In the following years we tried magnifying glasses for my good right eye, and the summer after fourth grade I had to be tutored in an effort to learn to read with high magnification. In September of fifth grade my new teacher called on me to read a paragraph in the geography book during the class lesson. I read like a second grader, and I was mortified. The teacher never called on me again. By sixth grade I was hardly using the glasses at all. I was quick to learn as long as I didn't have to struggle to make sense of the print, and it was easier on everyone for the teacher to assign a rapid reader to work with me on in-class reading projects. 

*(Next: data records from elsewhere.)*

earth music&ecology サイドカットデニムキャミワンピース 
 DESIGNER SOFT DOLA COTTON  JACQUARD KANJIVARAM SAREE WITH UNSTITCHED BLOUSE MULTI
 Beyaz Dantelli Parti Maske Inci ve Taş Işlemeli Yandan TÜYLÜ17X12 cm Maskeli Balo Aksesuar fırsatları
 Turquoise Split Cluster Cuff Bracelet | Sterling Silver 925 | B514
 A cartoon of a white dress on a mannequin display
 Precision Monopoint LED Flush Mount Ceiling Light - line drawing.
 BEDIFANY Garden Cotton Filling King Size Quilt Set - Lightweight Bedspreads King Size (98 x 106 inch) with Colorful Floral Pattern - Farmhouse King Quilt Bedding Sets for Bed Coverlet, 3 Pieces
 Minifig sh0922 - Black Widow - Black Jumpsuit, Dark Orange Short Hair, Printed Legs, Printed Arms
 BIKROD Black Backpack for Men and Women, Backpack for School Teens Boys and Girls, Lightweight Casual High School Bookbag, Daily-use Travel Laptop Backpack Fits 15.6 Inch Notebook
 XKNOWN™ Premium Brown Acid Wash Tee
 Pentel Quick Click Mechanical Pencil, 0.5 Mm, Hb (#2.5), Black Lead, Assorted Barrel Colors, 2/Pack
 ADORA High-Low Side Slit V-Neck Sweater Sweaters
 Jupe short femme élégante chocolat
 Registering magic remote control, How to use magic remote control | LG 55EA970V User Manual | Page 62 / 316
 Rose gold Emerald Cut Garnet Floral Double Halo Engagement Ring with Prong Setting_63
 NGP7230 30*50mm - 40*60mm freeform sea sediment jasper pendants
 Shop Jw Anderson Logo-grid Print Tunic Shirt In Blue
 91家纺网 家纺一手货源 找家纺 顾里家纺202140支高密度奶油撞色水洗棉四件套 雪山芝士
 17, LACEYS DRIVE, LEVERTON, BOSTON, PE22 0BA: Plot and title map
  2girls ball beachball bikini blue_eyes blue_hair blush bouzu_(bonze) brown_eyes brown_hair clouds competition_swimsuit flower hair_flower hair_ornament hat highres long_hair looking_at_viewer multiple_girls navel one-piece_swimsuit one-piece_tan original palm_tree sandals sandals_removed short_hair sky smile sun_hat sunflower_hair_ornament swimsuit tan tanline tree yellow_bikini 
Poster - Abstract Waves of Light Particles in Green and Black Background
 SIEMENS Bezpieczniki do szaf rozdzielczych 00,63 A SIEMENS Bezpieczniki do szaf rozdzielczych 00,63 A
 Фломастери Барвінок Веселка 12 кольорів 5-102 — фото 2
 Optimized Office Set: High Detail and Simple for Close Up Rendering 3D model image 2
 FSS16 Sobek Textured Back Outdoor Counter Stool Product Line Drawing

Finally, at the close of seventh grade, my parents faced the painful truth: if I were to have any hope of literacy, I would have to learn Braille. Print was no longer an option. I mastered the Braille code in a summer of weekly lessons taught by a woman who used Braille herself, though she admitted that she was not a good Braille reader. She assured me that her husband could read Braille rapidly, but I never heard him or anyone else use the code efficiently. People told me it was important to use my Braille and that practice would increase my speed. But by that point in my education, I had already worked out alternative ways of getting my reading and writing done. I was no longer eager to crawl down a page of text as we had done in early elementary school. I practiced writing Braille with my slate and stylus because I knew that in college I would need a good way of taking notes in lectures, but I never made time to learn to read Braille properly.

Now that I am a member of the National Federation of the Blind, I know hundreds of people who read Braille easily and well. Some of them could not see print when they were beginning school, so Braille was the only option for them. But many more could make out print when they were learning to read, even though as adults they cannot see it. They were lucky enough to be taught Braille along with print, and they simply and naturally learned to decide which method would be most useful for each reading task. As a result they now read Braille at several hundred words a minute.

I have never regretted learning to read print. Everyone should know the shapes of print letters. But I will always bitterly regret that I was not taught Braille as a small child. Today I am struggling to gain the speed and accuracy in reading Braille that I should have had by the time I was ten. I have now been working at it for six years, and my reading speed has tripled, but I must face the fact that I will probably never read as well as a bright ten-year-old. Setting aside the fact that the adult brain does not master new skills as rapidly as does a child's, I cannot bring myself to practice reading aloud to my long-suffering family. The time for taking advantage of such an opportunity is childhood, and I cannot inflict my stumbling reading on my husband.

If my mother could speak to you who are facing the dilemma of whether or not to demand that your children learn Braille, she would urge you to decide in favor of Braille. No matter how clearly a youngster can see print at the moment, if the vision is fragile or problematic in any way, Braille will often become invaluable in the future, even if print, too, continues to be useful. I urge you to keep your child's options open and your expectations high. All young things need space to stretch and grow within their innate abilities. Please insist that your child be given a chance.